3Nov
ぼくたちがあたりまえのようにつかう「いただきます」「ごちそうさまでした」という習慣は、世界でもめずらしがられるあいさつのひとつ。
同じように世界でもめずらしいあいさつが、南アフリカ地域で暮らすナタール族でみられます。彼らは「こんにちは」の代わりに「サワボナ(毎日あなたを見てますよ)」とあいさつします。対して、応じるほうは「シクホナ(わたしはここにいます)」と返します。
つまり、この部族の人たちは、お互いに見られることで自分が存在していることを確認しあいます。
逆に言えば、人に見られなければ自分は存在しない、ともいえます。
相手を見ること、相手から見られること、というのは思っている以上にだいじなこと。

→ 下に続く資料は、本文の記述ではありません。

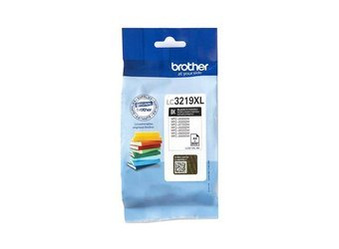 Tusz Oryginalny Brother LC3219 MFC-J5330DW MFC-J5730DW MFC-J5930DW MFC-J6530DW LC3219XLBK Czarny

ひとはみな、自分の存在がなんであるかをいつも気にかけているからです。家でも学校でも会社でも。趣味の世界、SNSの世界、そう、あらゆる場所で。
にもかかわらずぼくたちはいま、注意を払うものが多すぎます。目の前に相手がいるのにスマホをのぞいてみたり、相手に顔を向けずに話しかける。ご飯を食べているときですら、スマホをいじる。そこに、日本人独特のあいさつ「いただきます」はありません。
だれもがみな、自分の存在を相手に知ってもらいたい。相手の存在を感じていたい。だからあいさつも交わすのだろうと思います。たしかに表現は違うけど、ナタール族のあいさつも、根っこは同じというわけですね。
ともすれば、みているようで、あんがい人を見ていないだってあるかもしれません。いまのふるまいは、相手の存在をないがしろにしていなかったでしょうか?慶應義塾大学のボブ・トビン名誉教授は「ひとをみているとき、あなたは相手の自尊感情を高めています」と言います。その通りかもしれないなあ、と思います。
きょうもよい1日を!
相手の存在をないがしろにしている人は
なにより、自分をもないがしろにしがちです。